Tuesday, December 26, 2017

At the Heart of “The Shape of Water”

The Los Angeles Times review of The Shape of Water compared this mesmerizing new film to Jean Cocteau’s Beauty and the Beast as well as an important childhood influence for writer-director Guillermo del Toro, The Creature from the Black Lagoon. Del Toro, best known for the equally phantasmagoric Pan’s Labyrinth, is an expert on finding the reality in a fantasy world. Perhaps his comfort in combining the grotesque with the mystical comes from his Mexican Catholic upbringing: his native land is a place where the Day of the Dead is celebrated and skeletons romp through the fine arts in all their manifestations. 

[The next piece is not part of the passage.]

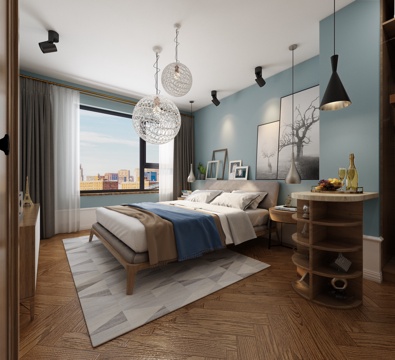  北欧卧室 吊灯 双人床 挂画 置物架 摆件3d模型 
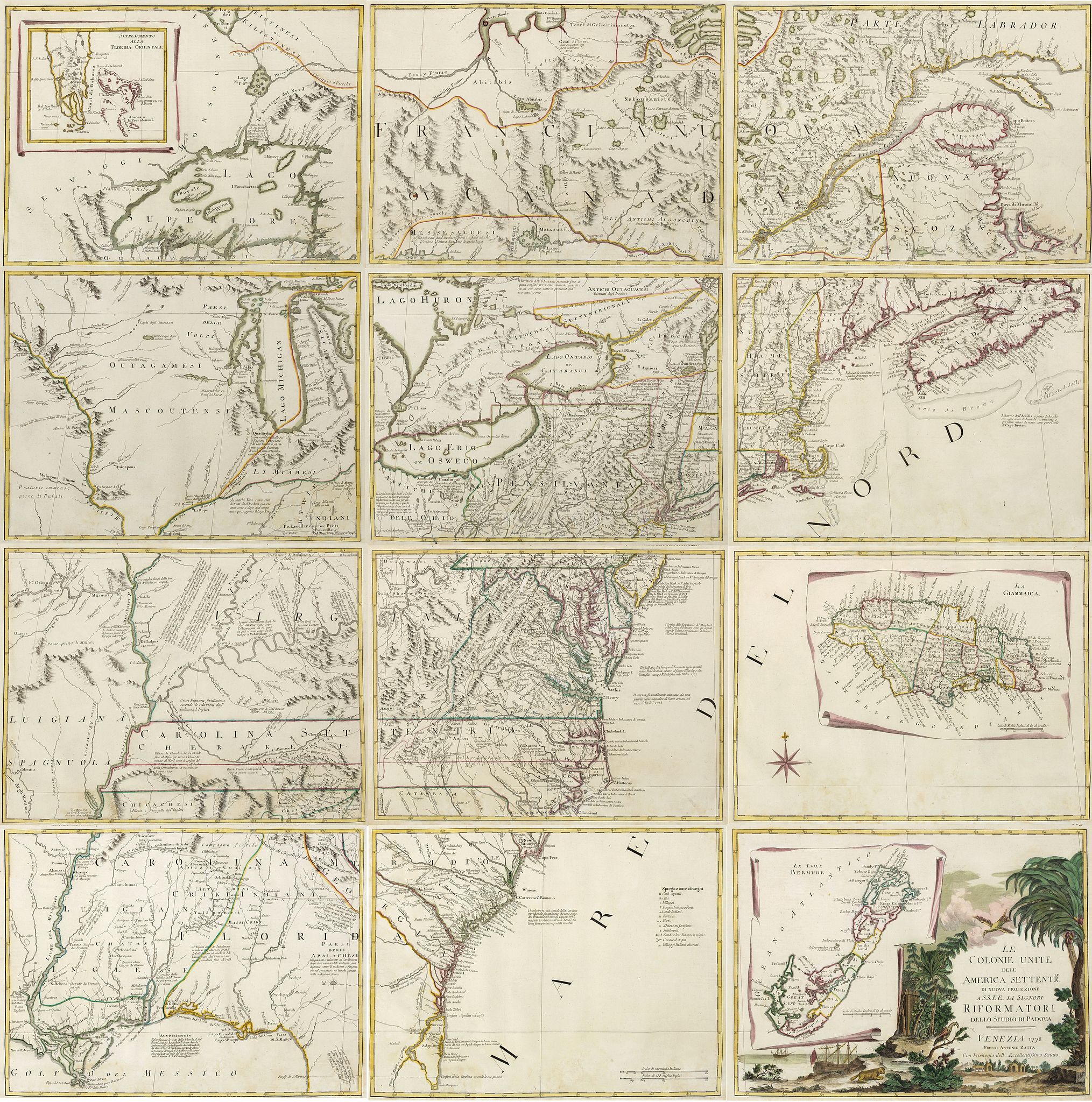 ZATTA, A., Le Colonie Unite dell America Settentr. le di Nouva Projezione . . ., antique map, old maps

Curiously, The Shape of Water made me think of an equally watery but far sunnier film, Ron Howard’s Splash. This 1984 romantic comedy, which made a star out of Tom Hanks, introduces a mermaid (Daryl Hannah) who comes ashore in Manhattan in search of a special young man who’s terrified of water. After various escapades, some of them involving a mad scientist, the movie builds to an undersea conclusion that’s charming and optimistic. In The Shape of Water, though, sunlit New York City is replaced by a grim and dreary Baltimore, where scientists and military types are conspiring in a  retro-futuristic lab to study a captive being cryptically called “the asset.”     

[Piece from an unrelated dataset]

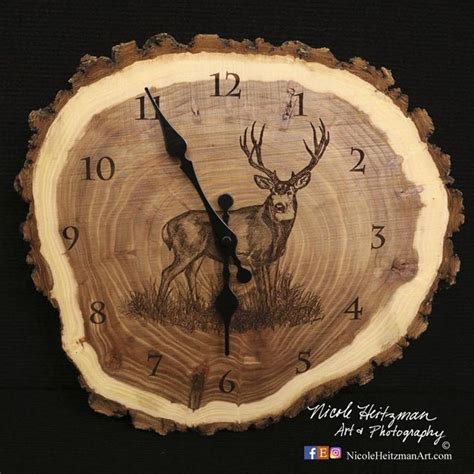 Mule Deer Clock Deer Hunting Art Engraved Wood Clock Hunting Gift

The era, crucial to The Shape of Water, is the late 1950s, a time when Americans were panicky about the success of the Soviet space program. The Cold War tensions underlying the film provide its external drama: there are creepy government operatives (Michael Shannon is the chief one) calling the shots, and equally creepy Russki spies lurking about. But del Toro, whose eye for picturesque visuals is uncanny, also gives us the flip-side (what a terrifically retro word!) of the late 1950s. Shannon’s character lives in a cheery suburban home with wife and kiddies straight out of Dick and Jane. Late in the film he treats himself to a glossy “teal” Cadillac with tail fins out to there. TV sets are ubiquitous, featuring scenes from Dobie Gillis and ads for JELL-O. Percy Faith’s lush rendition of “Theme from A Summer Place” is a highlight of the soundtrack.

Against all this candy-colored domesticity, del Toro sets the lives of several 1950s misfits. There’s Zelda (Octavia Spencer), one of a fleet of cleaning ladies who clean up the muck and the pee of their betters. As a black woman, she’s used to being rendered invisible. There’s Giles (a highly sympathetic Richard Jenkins), an artist who feels himself being shoved aside for reasons both professional and personal. And, crucially, there’s Elisa, who is Zelda’s co-worker and Giles’ neighbor in a strange and beautiful old building above a dying movie palace. As unforgettably played by Sally Hawkins, Elisa’s an orphan who’s been rendered mute by some mysterious childhood mishap. Though she can’t speak, she can hear and understand all that goes on around her. Precise and self-contained, she’s also at base a dreamy and creative soul. She and Giles bond over old romantic movies, tap-dancing, and pie. Her personal soundtrack is dominated by Alice Faye soulfully warbling “You’ll never know how much I love you.” When her heart is captured, she gives herself completely.

Finally there’s “the asset,” the supernatural creature whose presence propels all the action. Between him and Elisa there’s instant communion, with no need for speech. He’s strange, disturbing, and gorgeous, just right for a mysterious fairy tale in which all the participants seem totally real.